GOP politicians are shifting the immigration debate to economics, and away from culture and race, boosting their outreach to the many Hispanics who are worried about legal and illegal immigration.
“It is not our job to get cheap [migrant] labor for big business, as much as labor might want that,” Rep. Tom Cotton told The Daily Caller Aug. 15.
“By standing up against illegal immigration, and by standing against the [Senate’s 2013 immigration bill], I am in fact showing, as so many [other GOP legislators] are, that I care about Americans,” including American Hispanics, said Cotton, who is running for the Arkansas Senate seat held by Democratic Sen. Mark Pryor.
The shift is backed by polling data, which shows widespread opposition among independents and Hispanics to illegal immigration, and significant support for rapid deportation of Central American illegals.
The polling data and the GOP shift is a problem for President Barack Obama, who is widely blamed for allowing the Central American inflow.
Obama is also expected to soon announce a high-risk policy of awarding work-permits to millions of illegals already in the country.

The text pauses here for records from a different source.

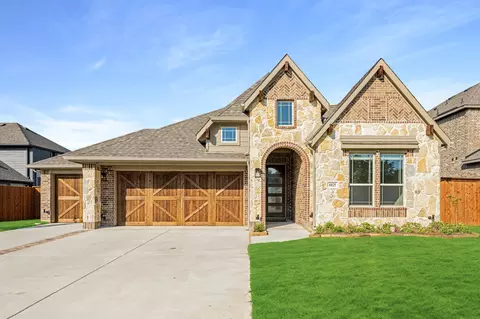 1025 Stillmeade Dr, Midlothian, TX 76065
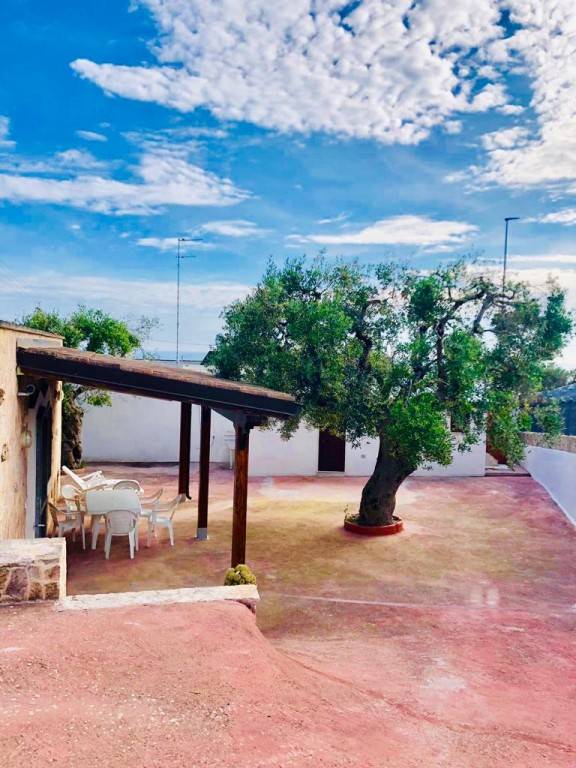 Holiday apartment with yard, BBQ & terrace | Beach view — photo 5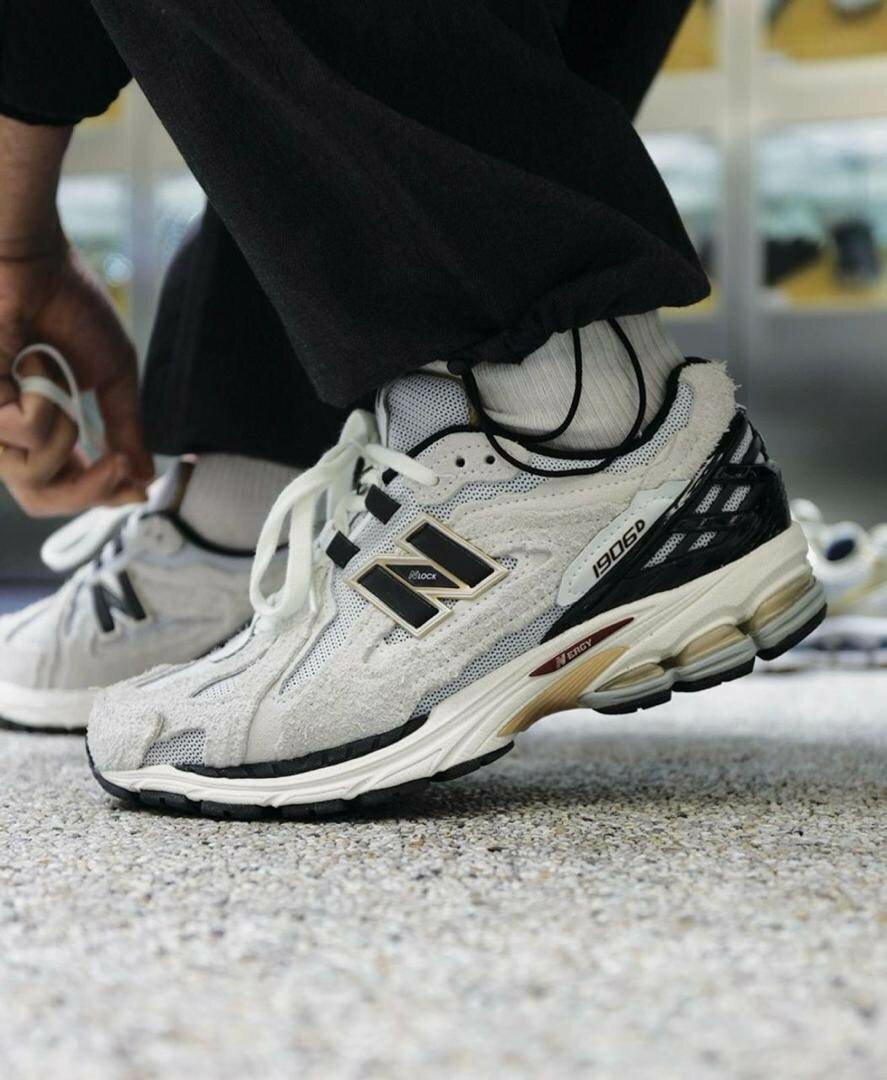 New Balance 1906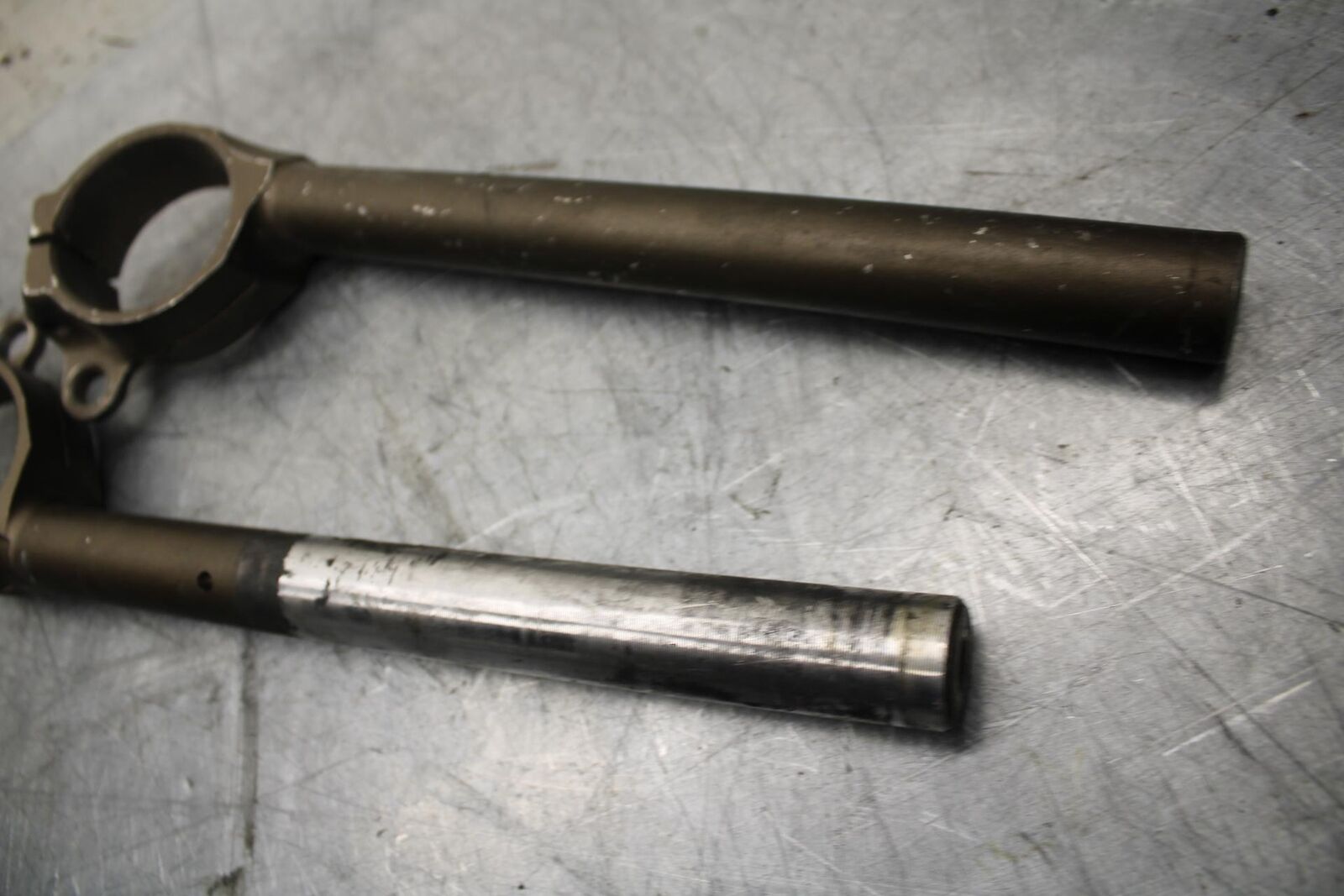 05-06 KAWASAKI NINJA ZX6R 636 LEFT RIGHT CLIP ON ONS HANDLEBARS PAIR SET BB505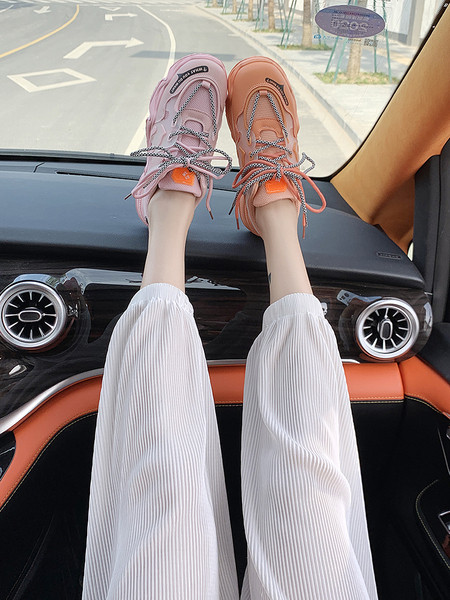 Γυναικεία μοντέρνα αθλητικά παπούτσια με τραχιά σόλα και πολύχρωμα κορδόνια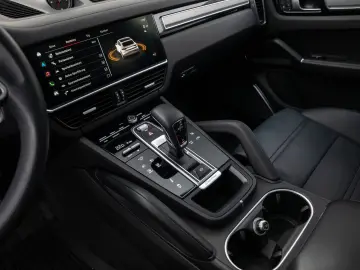 PORSCHE Cayenne Coupe Platinum Edition AHK Burmester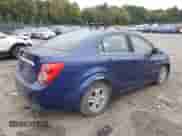2012 Chevrolet Sonic LT z VIN 1G1JD5SHXC4206943, wystawiony jako Copart lot #72568444 z przebiegiem 141 328 mil mil oraz Szkoda całkowita • Salvage title. Historia ofert i sprzedaży dostępna na DreamBid. Obrazek 3.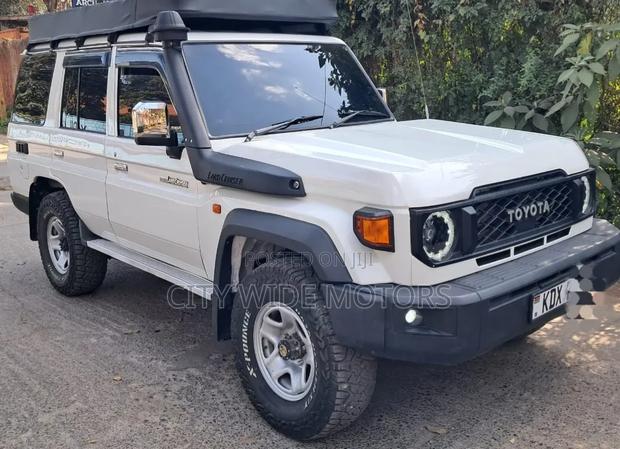 Toyota Land Cruiser 79 Series 2012 White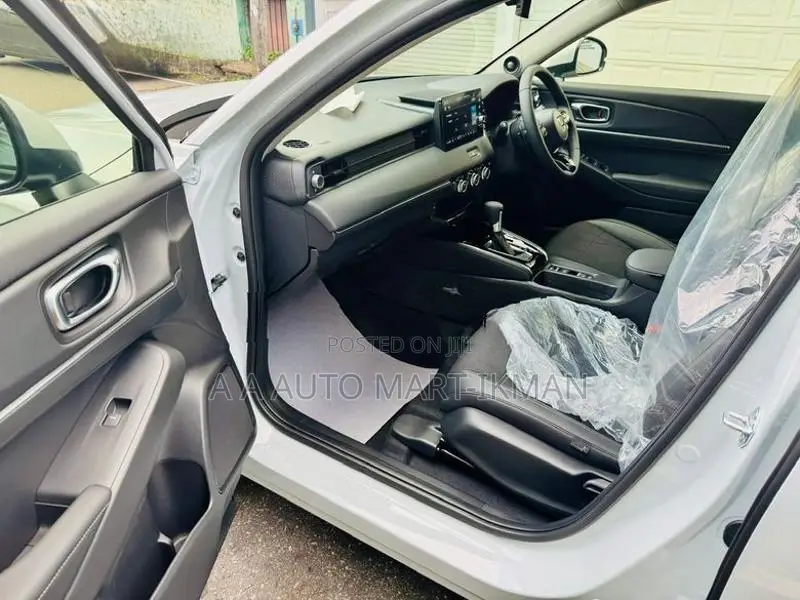 Honda Vezel Z Premium BrandNew 2026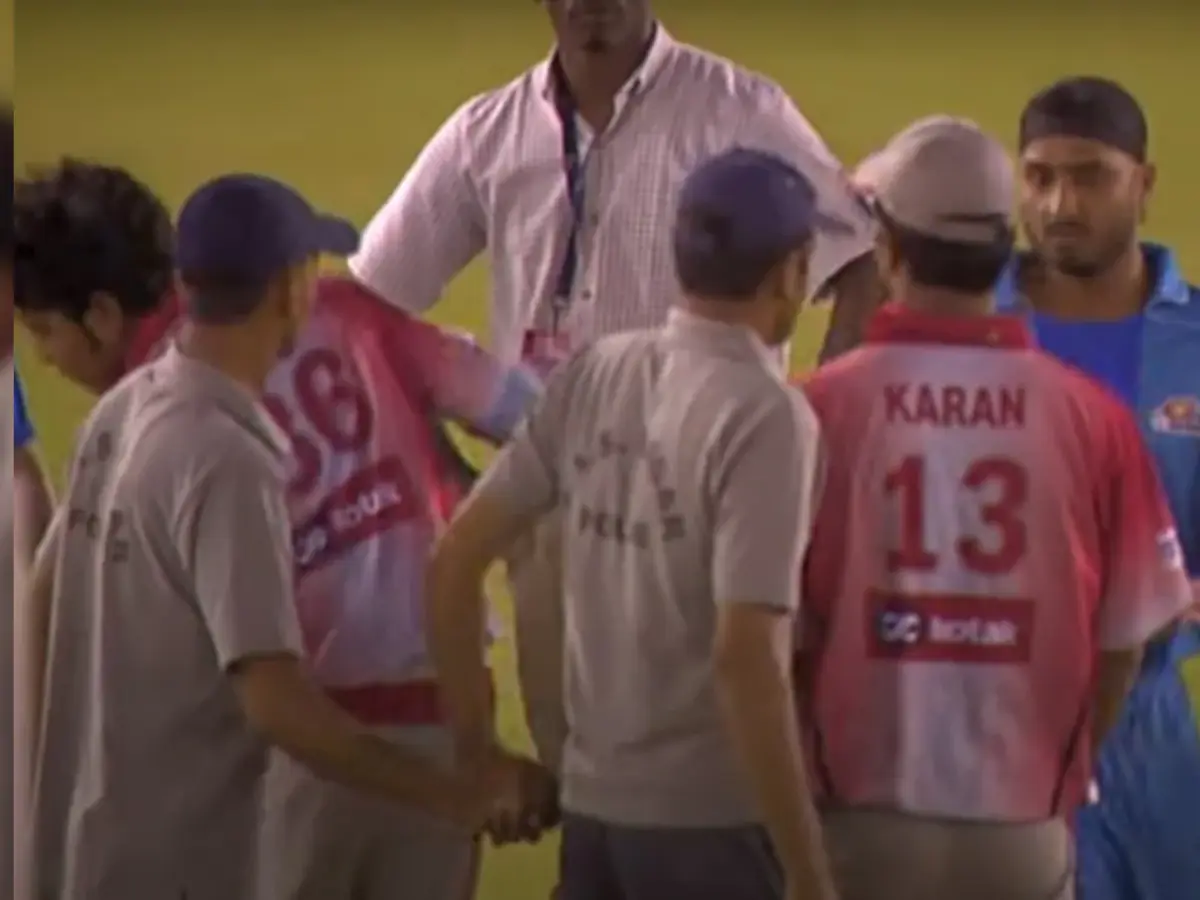 Lalit Modi drops Harbhajan–Sreesanth slap video from IPL 2008 – Watch now Lalit Modi drops Harbhajan–Sreesanth slap video from IPL 2008 – Watch now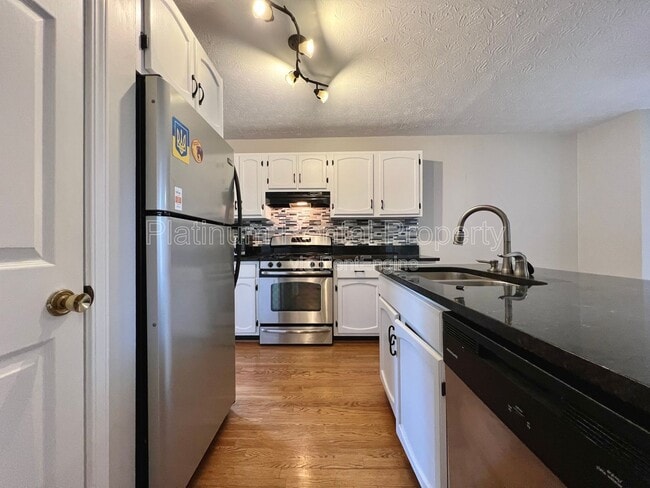 Building Photo - 1270 Weatherstone Dr NE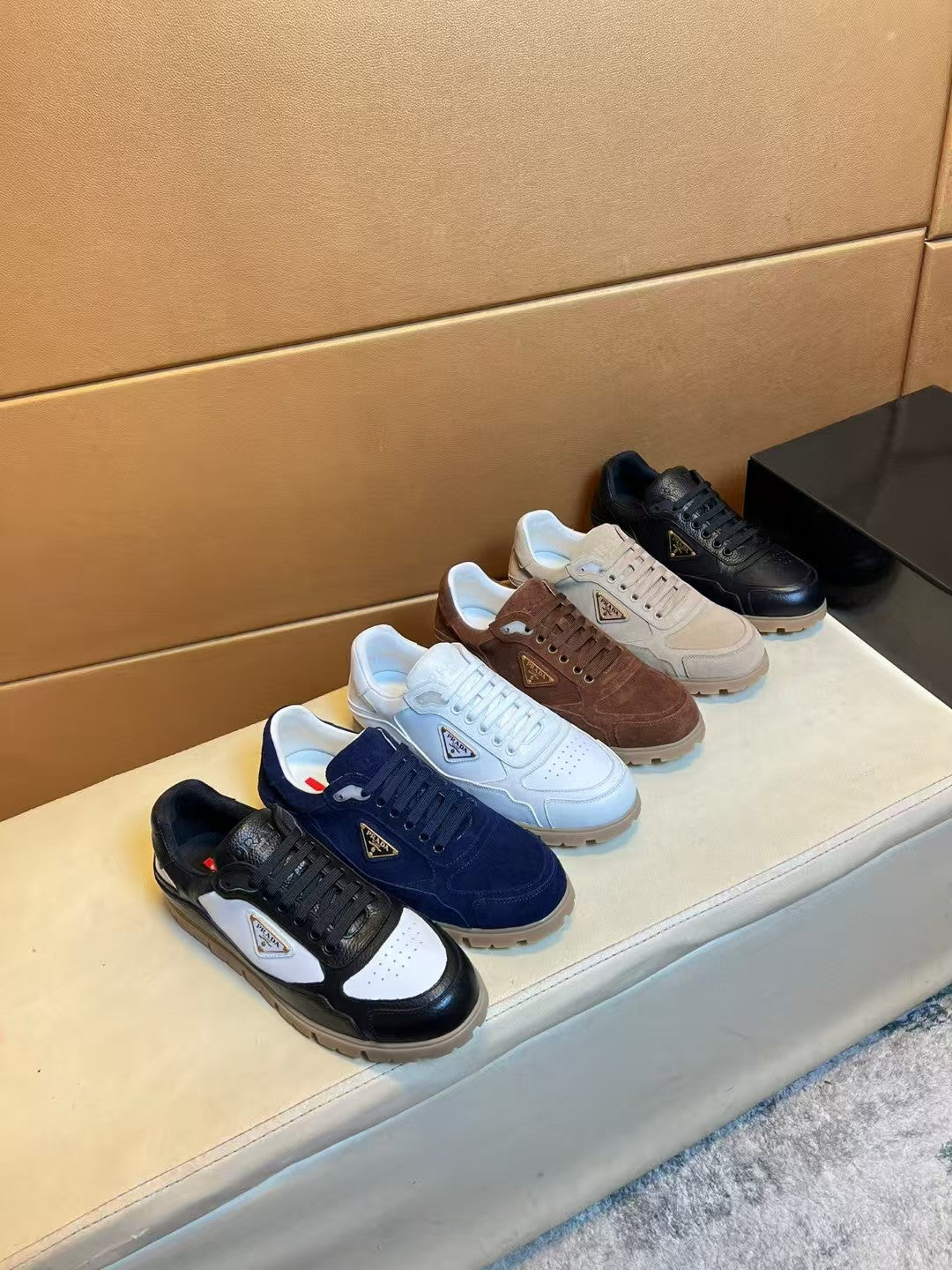 Leisure sports shoes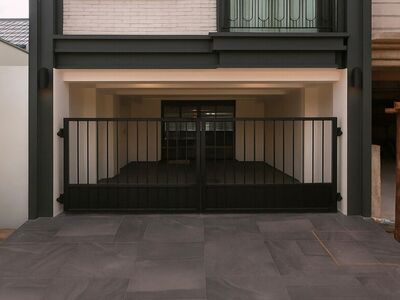 ขายทาวน์โฮมหรู2ชั้น 24วา 3นอน 4ห้องน้ำ ซอยปรีดีพยมยงค์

That policy also risks a repudiation from swing-voters and Hispanics worried about wages and jobs, according to polling data.
“Surveys do show that [Hispanics] want to strengthen the border, [and support] border enforcement,” said Adrian Pantoja, an expert at Latino Decisions, a California-based firm which provides polling advice to progressive groups.
Republicans “can have very strong support for some Republican positions if they are framed in a way that is not anti-Latino or group [Latinos] into one category,” said Pantoja, who is also a professor of Political Studies and Chicano/Latino Transnational Studies at Pitzer College.